3月18日、東大本郷キャンパスで『能登半島の復興と未来』と題するシンポジュームが有り、私も参加しました。大学の学部を超えて多くの学生や先生方が、輪島市を中心にした現地で、地震と豪雨災害の調査をされていて、今回はその中間報告を兼ねたものでした。能登の主要な産業は、農業、漁業、陶器、漆を使った食器などです。輪島港はその昔、北前船の寄港地で、能登の海産物や漆器類を全国に売り広げた歴史が有ります。この能登の漁業や産業を支えてきた港の中には、今回の地震で海側プレートが、半島側にのめり込んだ為、海底が4~5m隆起して、使用不能に成った所もあります。

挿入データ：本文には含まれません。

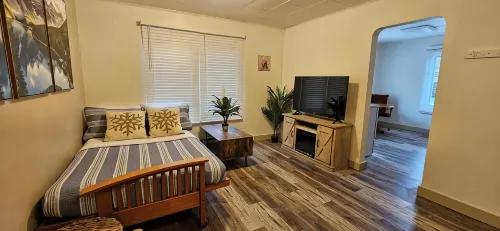 Cozy 1-bedroom apartment with AC, WiFi in serene Metaline Falls - 3 tähden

また輪島市の隣の珠洲市では、地元、金沢大学の先生方と学生が、復興計画作成にも参加していて、以前に開催していた『能登芸術祭』の再興プランも練っています。参加してこられた方々は、『今、何を以て、能登半島を復興させて行くか』を、被災者と共に考え、活動しています。
能登半島は幸いな事に、漁場に恵まれており、たくさんの船着き場が有ります。私は、輪島の千枚田の様に、単なるお米の収穫だけで無く、観光と、体験を取り入れた、観光客参加型漁業などを組み入れた、再生プランを考えてはどうかと思いました。
復興支援の活動は、まだまだ足りていません。計画を立て継続させる事が大切です。何をもって、生まれ育った『能登』を再興、発展させていくか?私は、中心は『海』だ、と思いました。能登半島は外海有り、内海有り、小島や岩場も多く、千里浜の様な車が走れる海岸もあります。また能登は、昔から『お祭り』が盛んなところです。お祭りのお仮屋は、神様に感謝を込めて海辺に造ります。どの町でも、お祭りを大切にしていて、街を出ていく若者は、お祭りには帰る事を、親や地域と約束しています。
先端の珠洲市は、10年間の復興計画の中に、『奥能登国際芸術祭の復活』や奥能登の4市5町で、『トキ』の放鳥にも計画しています。
能登の復興はこれからです。
2度の大きな災害に負けず、『知恵と力』を借りながら、復興していく能登を応援してください。